WHAT THE TASK ASKS ::
The required output is the line with "Zraněná žena na" plus all lines that follow it to the end of the listing below, written out exactly, with no pictures.

GIVEN DATA ::
# # # # # # #

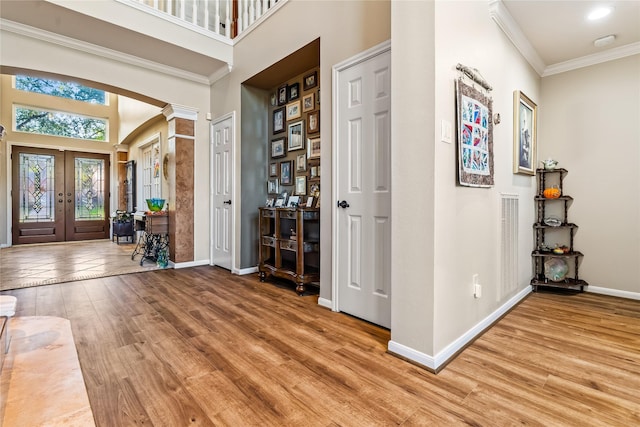 entrance foyer with french doors, a high ceiling, decorative columns, crown molding, and hardwood / wood-style flooring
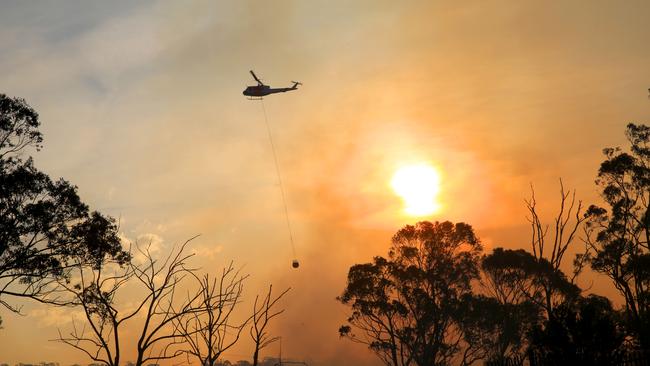 Helicopters water bomb a bush fire at Alfords Point and Menai. Picture by Damian Shaw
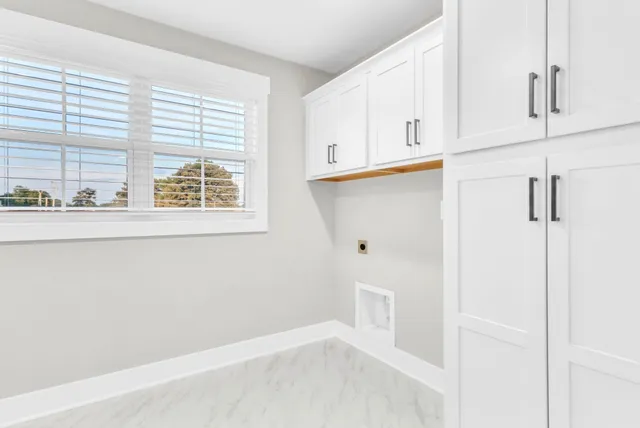 a view of kitchen with wooden floor and window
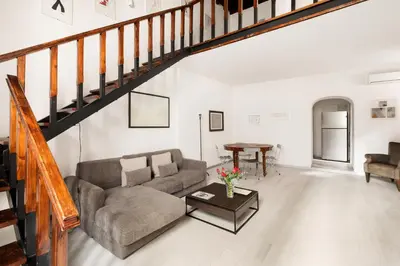 a living room with a couch and a table at Navona Charming Apartment by Romeloft in Rome
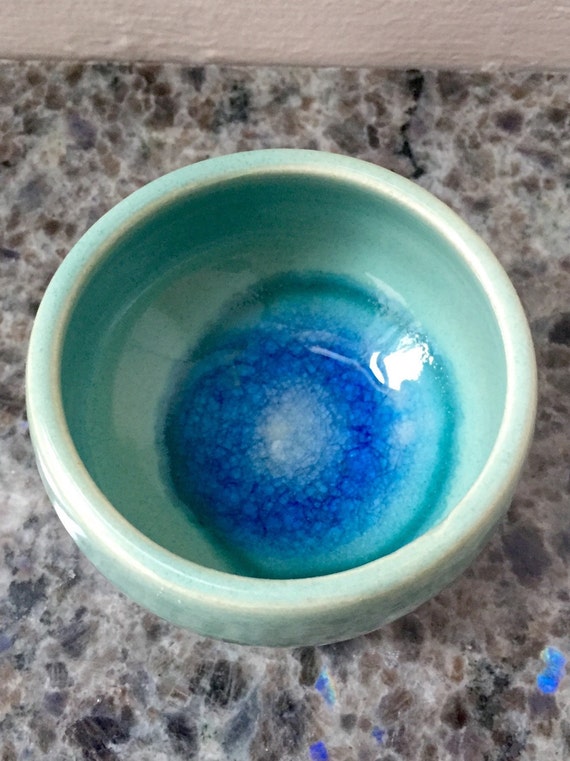 Aqua ceramic ring bowl with dark blue sea glass melted inside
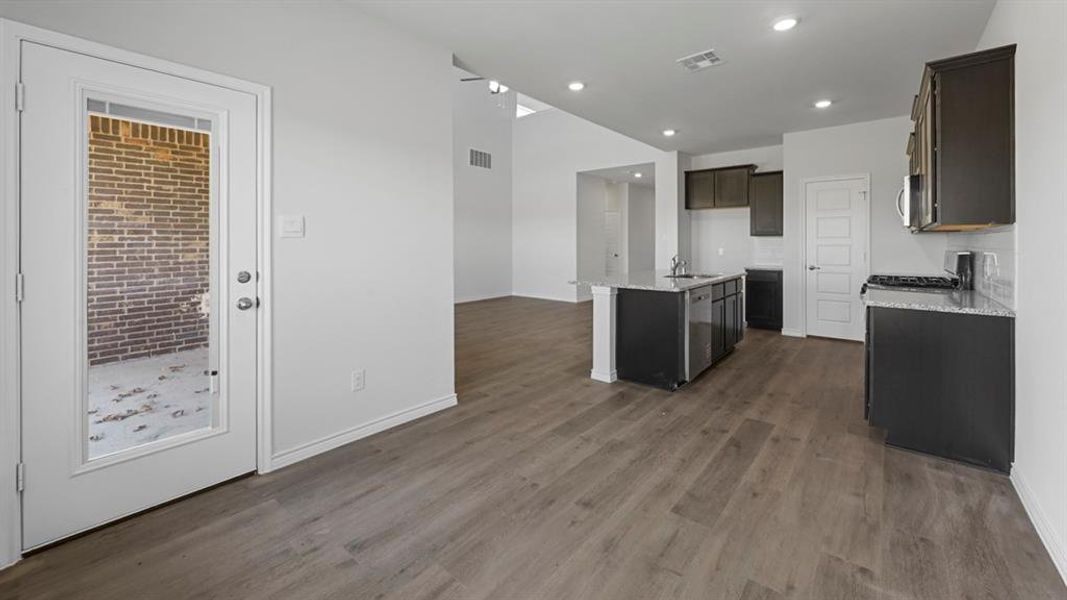 Kitchen featuring dark cabinetry, stainless steel appliances, and granite countertops Kitchen featuring dark cabinetry, stainless steel appliances, and granite countertops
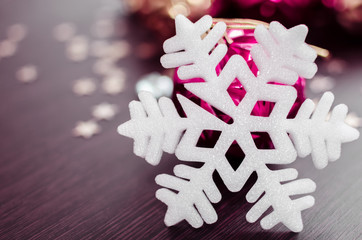 White snowflake on background of magenta and gold xmas baubles with space for text. Merry christmas. Winter holidays. Xmas theme. Happy New Year. Blurred background.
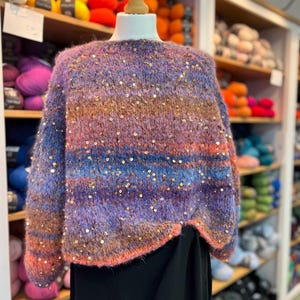 Puede incluir: Un suéter multicolor con lentejuelas sobre un maniquí. El suéter presenta tonos de morado, azul, marrón y rosa. La prenda tiene mangas largas y un cuello redondo. En el fondo se ven estantes con hilos de colores.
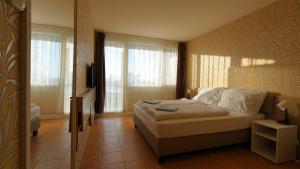 1 dormitorio con 1 cama en una habitación con ventanas en Plazs Hotel Siófok, en Siófok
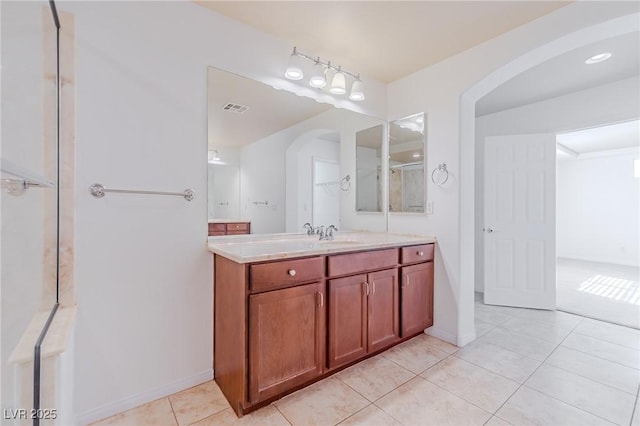 bathroom featuring walk in shower, vanity, and tile patterned flooring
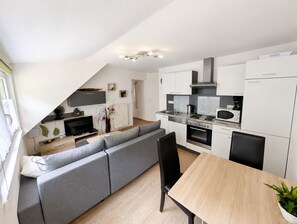 Una cuina moderna amb zona de menjador, un sofà gris i una taula de dinar de fusta.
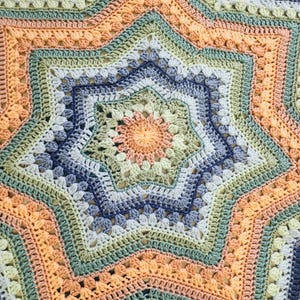 May include: A handmade, star-shaped crochet blanket in a variety of pastel colors. The blanket features a central star design with concentric rings of peach, blue, green, and yellow. The crochet stitches create a textured, detailed pattern.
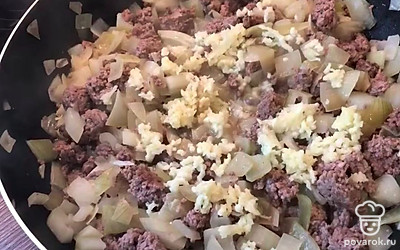 Добавить на сковороду фарш, нарезанный мелко лук, мелко нарезанный чеснок. Обжарить 10-12 минут, постоянно помешивая. Посолить и поперчить по вкусу.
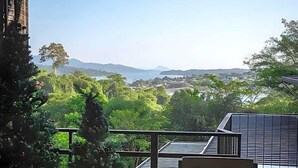 Un balcón con vistas a un paisaje costero, que incluye árboles y montañas lejanas.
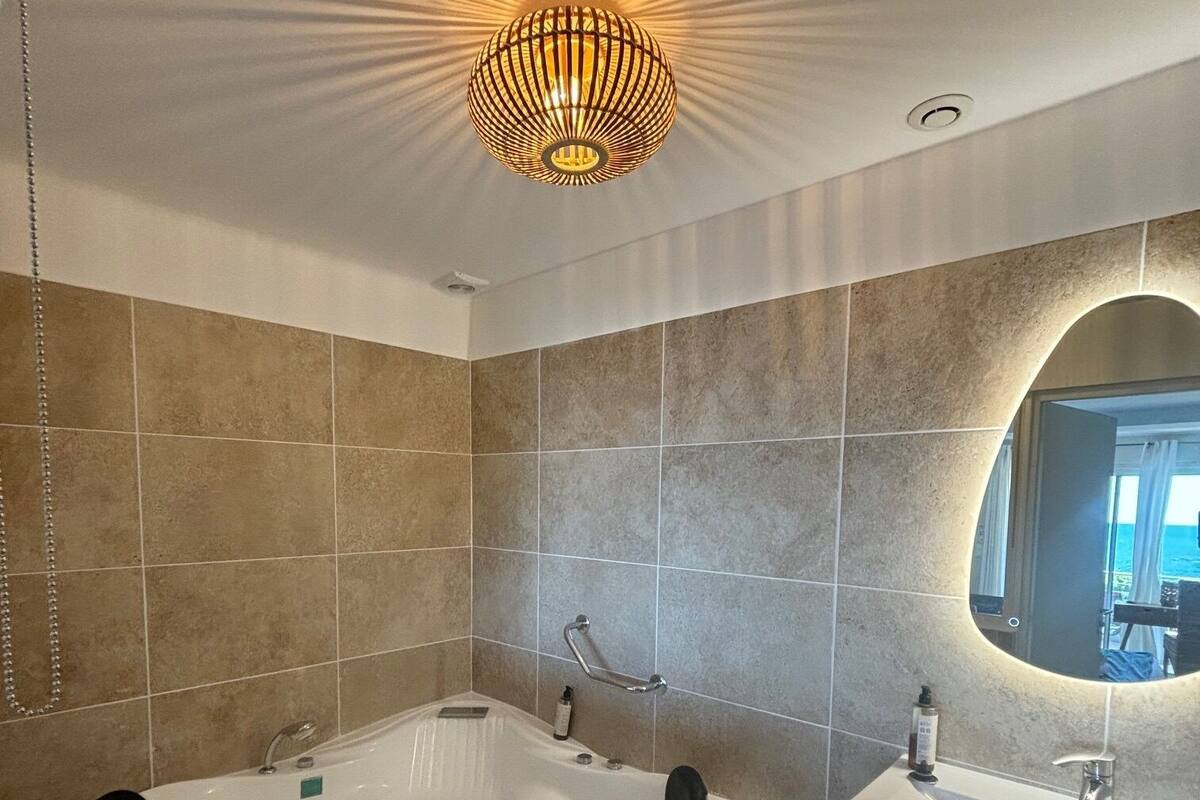 Une salle de bain moderne avec une baignoire sur pieds, un meuble-lavabo avec un miroir et un luminaire au plafond.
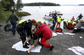 Zraněná žena na břehu naproti ostrovu Utøya (v dálce) poté, co byla zachráněna před Breivikem, který na ostrově 22. července 2011 povraždil  členy mládežnického křídla vládnoucí strany práce, kteří tam byli na táboře. (Foto: profimedia.cz)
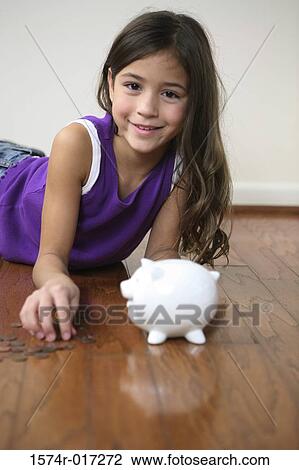 Portrait of a girl lying on the floor with a piggy bank in front of her View Large Photo Image Stock Image - Portrait of a girl lying on the floor with a piggy bank in front of her. Fotosearch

# # # # # # #

TASK OUTPUT ::
 Zraněná žena na břehu naproti ostrovu Utøya (v dálce) poté, co byla zachráněna před Breivikem, který na ostrově 22. července 2011 povraždil  členy mládežnického křídla vládnoucí strany práce, kteří tam byli na táboře. (Foto: profimedia.cz)
 Portrait of a girl lying on the floor with a piggy bank in front of her View Large Photo Image Stock Image - Portrait of a girl lying on the floor with a piggy bank in front of her. Fotosearch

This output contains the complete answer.